3) Train the animal classification model on your dataset.
4) Build a pipeline that takes as inputs the text message and the image.

In general, the flow should be the following:
1. The user provides a text similar to “There is a cow in the picture.” and an image that
contains any animal.
2. Your pipeline should decide if it is true or not and provide a boolean value as the output.
You should take care that the text input will not be the same as in the example, and the
user can ask it in a different way.


The solution should contain:
● Jupyter notebook with exploratory data analysis of your dataset;
● Parametrized train and inference .py files for the NER model;
● Parametrized train and inference .py files for the Image Classification model;
● Python script for the entire pipeline that takes 2 inputs (text and image) and provides
1 boolean value as an output;

In [1]:
import spacy

import tensorflow as tf



In [2]:
from abc import ABC, abstractmethod
import pathlib

In [None]:
NER_MODEL_PATH = 'models/custom_ner_model'
CLASSIFICATION_MODEL_PATH = 'models/classification_model.keras'

In [4]:
class CustomModelInterface(ABC):
  @classmethod
  @abstractmethod
  def fit():
    pass
  
  @classmethod
  @abstractmethod
  def predict():
    pass

In [5]:
class NERCustomModel(CustomModelInterface):
  def __init__(self, model_path = NER_MODEL_PATH):
    self.nlp = spacy.load(model_path)
  
  def fit(self):
    raise NotImplementedError()
  def predict(self, text):
    return self.nlp(text).ents

In [6]:
class ImageHandler:
  img_height, img_width = 252, 320 # got from the notebook
  
  @staticmethod
  def prepare(img_path):
    new_img_path = pathlib.Path(img_path)

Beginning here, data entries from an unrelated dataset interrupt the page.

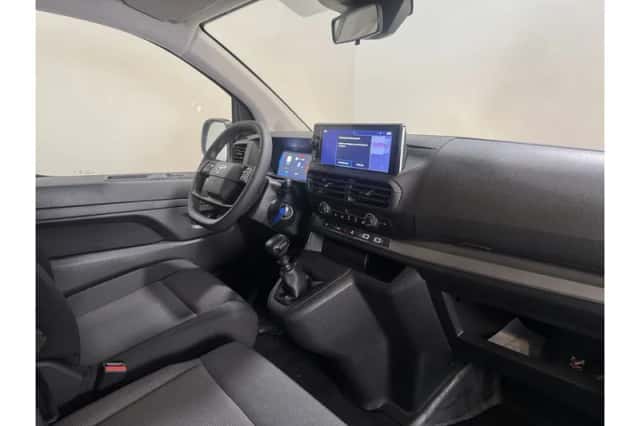 Toyota Proace (2024) thumbnail 2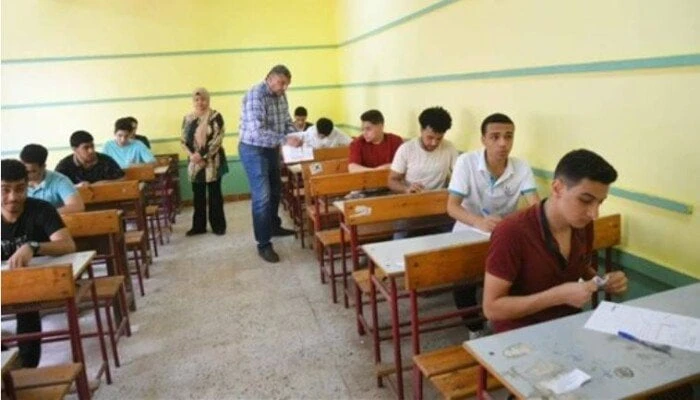 غدا.. طلاب الثانوية العامة يؤدون الامتحان في مواد الأحياء والاستاتيكا والفلسفة يؤدى طلاب الثانوية العامة امتحان الدور الأول غدا الأربعاء الموافق 17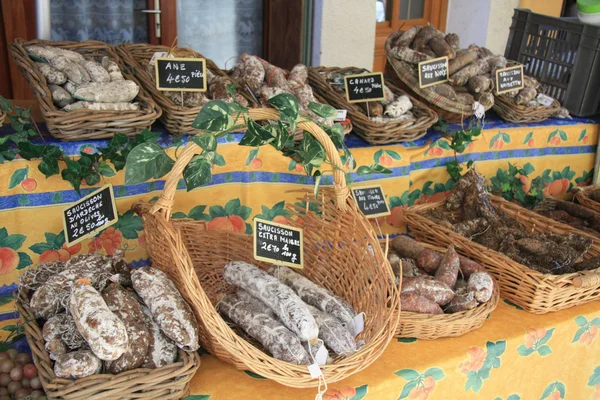 市场上的普罗旺斯香肠 — 图库照片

    img = tf.keras.utils.load_img(
        new_img_path, 
        target_size=(ImageHandler.img_height, ImageHandler.img_width)
    )
    img_array = tf.keras.utils.img_to_array(img)
    img_array = tf.expand_dims(img_array, 0) # Create a batch
    return img_array

In [None]:
# I know they tried to make it easier for us fellow user but not including all names really wasn't obligatory
from data.translate import translate
# import importlib
# imported_module = importlib.import_module("data.translate")
# importlib.reload(imported_module)

class ClassificationCustomModel(CustomModelInterface):
  class_names = ['cane', 'cavallo', 'elefante', 'farfalla', 'gallina', 'gatto', 'mucca', 'pecora', 'ragno', 'scoiattolo']
  translation = translate
  
  def __init__(self, model_path = CLASSIFICATION_MODEL_PATH):
    self.model = tf.keras.models.load_model(model_path)
  
  def fit(self):
    raise NotImplementedError()
  def predict(self, img_path, num_of_examples=3) -> list:
    img_array = ImageHandler.prepare(img_path)
    
    predictions = self.model.predict(img_array)
    score = tf.nn.softmax(predictions[0])

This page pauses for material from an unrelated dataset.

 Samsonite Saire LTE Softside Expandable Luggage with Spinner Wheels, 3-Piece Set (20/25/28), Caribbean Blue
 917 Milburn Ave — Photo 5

    most_prob = ClassificationCustomModel.most_probable(score, num_of_examples)
    return most_prob
  
  @staticmethod
  def most_probable(score, num_of_units = 2) -> list:
    score = score.numpy()
    ranks = [(ClassificationCustomModel.translation.get(n), int(s * 100)) for n, s in zip(ClassificationCustomModel.class_names, score)]
    ranks.sort(key=lambda x: x[1], reverse=True)
    return ranks[:num_of_units]

In [8]:
ner_model = NERCustomModel()

  from .autonotebook import tqdm as notebook_tqdm


In [9]:
res = ner_model.predict("This is a cat")
res[0].__str__()

'cat'

In [10]:
class ResultWrapper:
  def __init__(self, res_list):
    self.res = res_list
    
  def __str__(self):
    return '\n'.join(f"> {res[0][0]}, {res[0][1]}% - {'✔' if res[1] else '❌'}" for res in self.res)

In [11]:
class CustomPipeline:
  def __init__(self, ner_model = None, classification_model = None):
    self.ner_model = ner_model or NERCustomModel()
    self.classification_model = classification_model or ClassificationCustomModel()
    
  def predict(self, img_path, text, num_probable_guesses=1) -> bool:
    ner_result = self.ner_model.predict(text)
    print(ner_result)
    
    if len(ner_result) <= 0:
      raise LookupError("Couldn't detect animal names")
    
    ner_result = ner_result[0].__str__()
    classification_result = self.classification_model.predict(img_path, num_of_examples=num_probable_guesses)
    
    result = [(res, res[0] == ner_result) for res in classification_result]
    result_bool = result[0][0][0] == ner_result
    print(f"ner_result - {ner_result}, res {result[0][0]}")
    print(ResultWrapper(result))
    return result_bool
  

In [12]:
pipe = CustomPipeline(
  #ner_model=NERCustomModel(),
  #classification_model=ClassificationCustomModel(),
)

In [14]:
animals_path = pathlib.Path('./data/animals_test_img')
for pic in animals_path.glob('*.jpeg'):
  name = pic.name.split('.')[0]
  
  res = pipe.predict(img_path=pic, text=f"this is {name}", num_probable_guesses=1)

(butterfly,)
ner_result - butterfly, res ('butterfly', 99)
> butterfly, 99% - ✔
(cat,)
ner_result - cat, res ('sheep', 20)
> sheep, 20% - ❌
(chicken,)
ner_result - chicken, res ('chicken', 99)
> chicken, 99% - ✔
(cow,)
ner_result - cow, res ('cow', 53)
> cow, 53% - ✔
(dog,)
ner_result - dog, res ('dog', 47)
> dog, 47% - ✔


my god, I have been training and retraining this model for three days and it finally produces more or less fine results.
It isn't perfect but it works. Additional data analyses won't hurt but I may retrain the model anytime so I guess I'll focus on the rest of the stuff to implement. I am sooo happy it works though

In [None]:
res = pipe.predict(
  img_path='./data/animals_test_img/doggy.jpeg',
  text="this is a dog",
  num_probable_guesses=3
)
print(res)

(dog,)
ner_result - dog, res ('dog', 60)
> dog, 60% - ✔
> sheep, 15% - ❌
> cow, 9% - ❌
True